Meta description elements have many uses and can be constructed in several ways.
First and foremost, a good meta description entices the user to click.
It does that both by the fact that it contains enticing, well readable text and the keyword or keyphrase, as that becomes bold in the search results.
Our view on that meta description really hasn’t changed that much over the years.
Way back in 2011, Joost wrote about attending an SMX panel titled “What’s really important for technical SEO?”.
In it was Jonathan Hochman.
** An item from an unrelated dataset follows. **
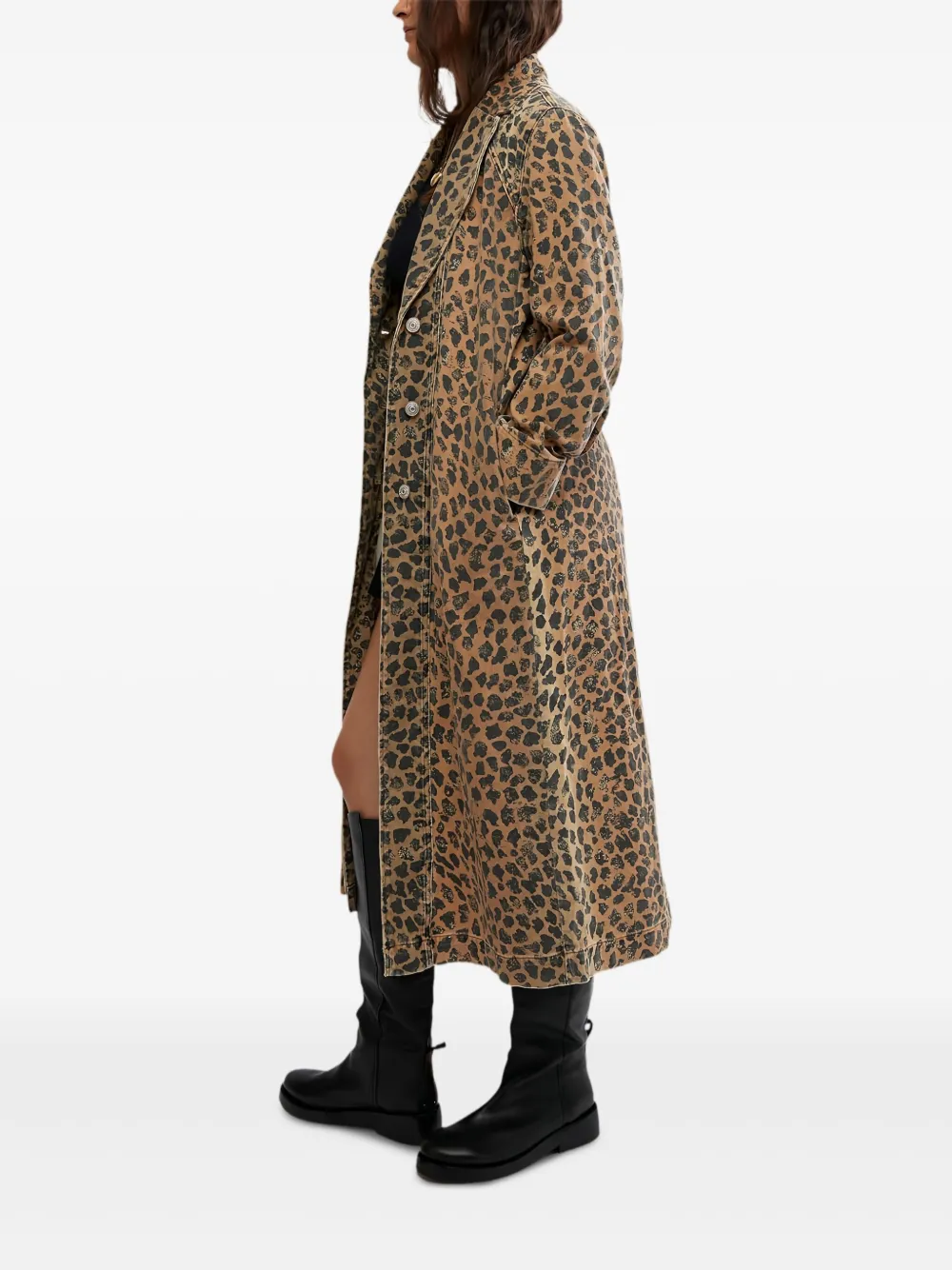 Free People C Monique denim jas met luipaardprint Bruin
Jonathan touched on one of our pet peeves: he mentioned retro-fitting an old CMS to have meta descriptions, by auto-generating the meta description using the first 150 characters of each article.
We’re no fans of that solution.
As a matter of fact, it was one of the features in All in One SEO that Joost hated so much he decided to start building something better, being the very basis for our current Yoast SEO plugin.
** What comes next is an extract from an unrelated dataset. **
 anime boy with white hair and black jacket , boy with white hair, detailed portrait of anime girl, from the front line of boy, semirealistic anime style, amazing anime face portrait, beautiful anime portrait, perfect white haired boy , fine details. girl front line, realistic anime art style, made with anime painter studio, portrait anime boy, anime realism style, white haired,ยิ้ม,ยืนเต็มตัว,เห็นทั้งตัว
Most of the time, the first paragraph of an article is an introduction leading towards the conclusion in the article.
It doesn’t contain a summary of the article or a trigger to continue to read.
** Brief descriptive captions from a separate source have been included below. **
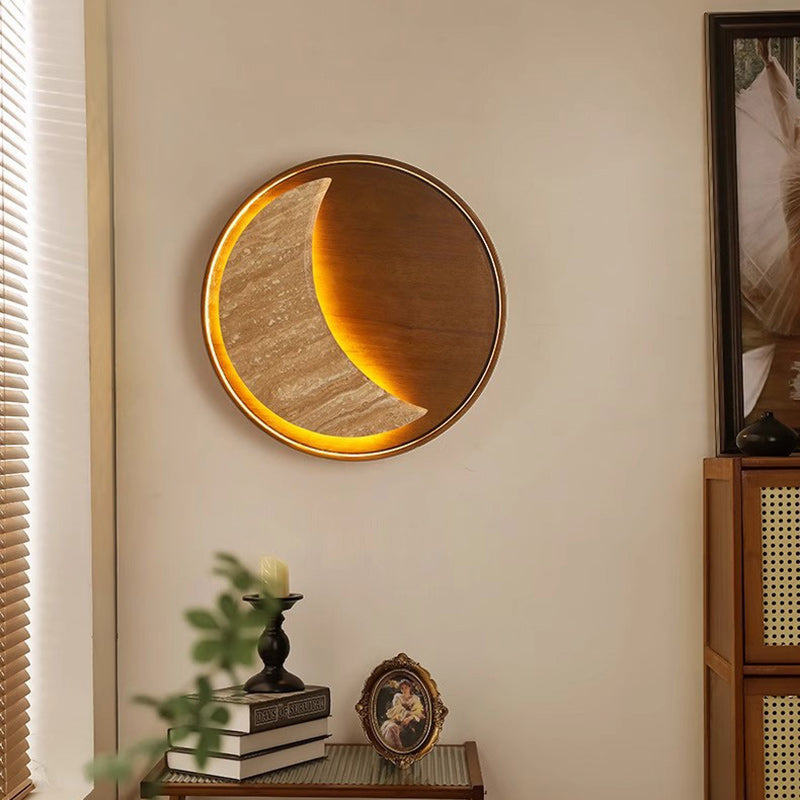 Metal Stone Wood Moon-Shaped Wall Lamp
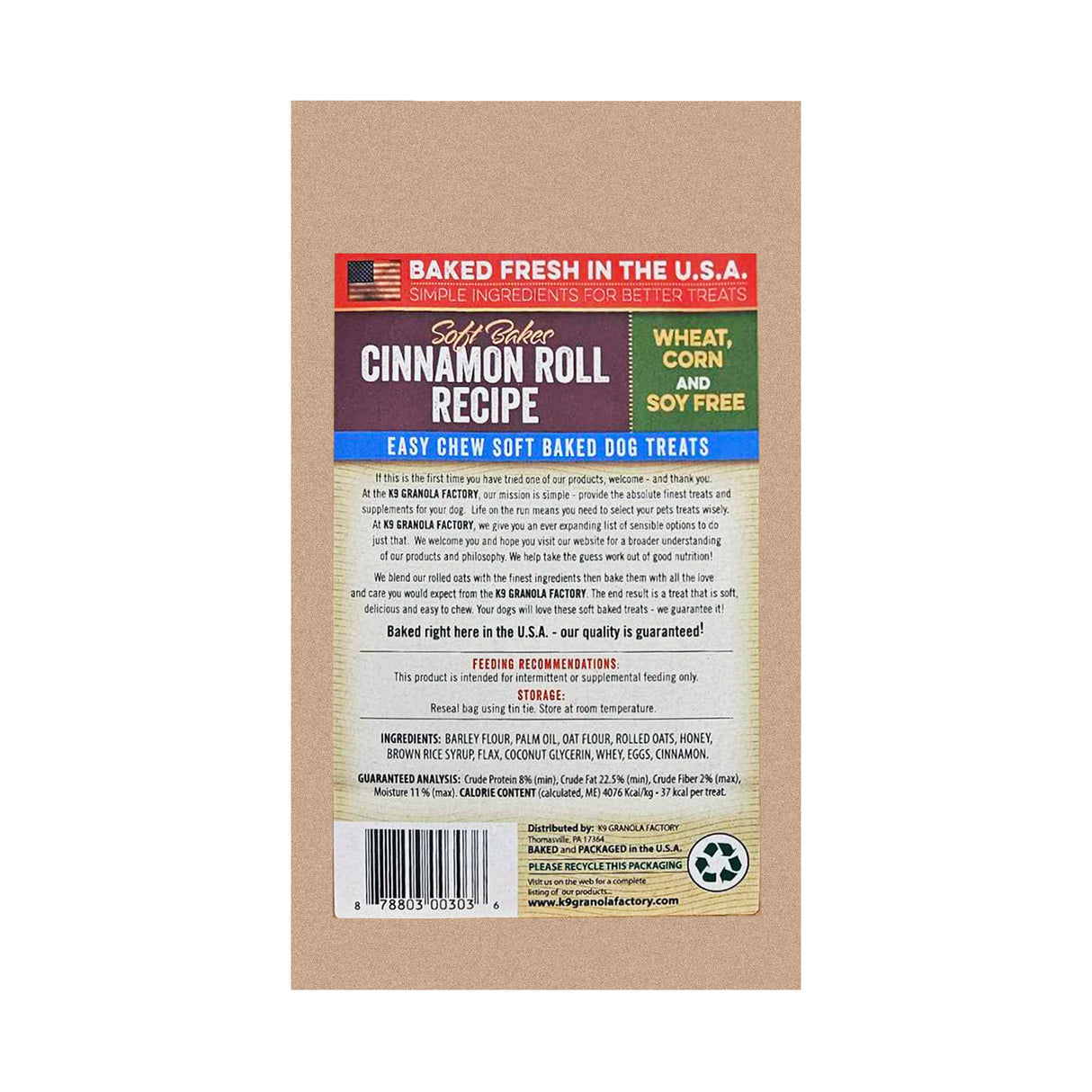 K9 Granola Factory Soft Bakes Dog Treats - Cinnamon Roll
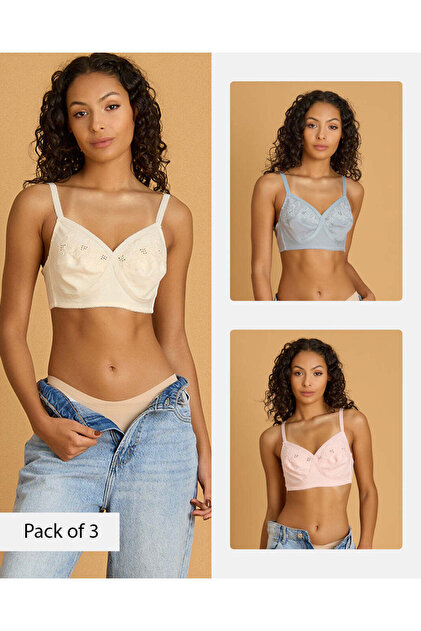 Women Assorted Cotton Non Padded Bra Pack of 3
At Yoast, we agreed on making that first paragraph into a combined intro and summary.
Our SEO analysis will tell you if the focus keyword you picked is in that first paragraph.
We really feel that the first paragraph of any article should be on-topic.
If you don’t make sure it is, the first 150 characters of your first paragraph are most probably not usable as a meta description.
It will most probably not even contain the focus keyword for your post.
That means you won’t get a bold for that term in the search result pages, nor would it be enticing to click on.
The reason we dislike this “auto-generation” idea so much, especially for content sites, is that it makes people think that SEO is something you can do on auto-pilot.
You simply can not.
For sure, a good SEO plugin can help you take care of the technical boundaries that might exist.
But creating link worthy content is the process that will help you get rankings, all the time.
Auto-generating a meta description has never served any purpose to anyone just yet.
One might argue that while auto-generating meta descriptions isn’t the best practice for SEO, it might help your social efforts.
On the other hand, for social media goes the same as for meta descriptions.
Poor snippets would get you low click-throughs too.
Using the first 150 characters as the description for your Facebook post is probably not the best practice either.
You should really write a decent description and/or excerpt for your posts, all the time.
It will help both your mentions in Google and on social media.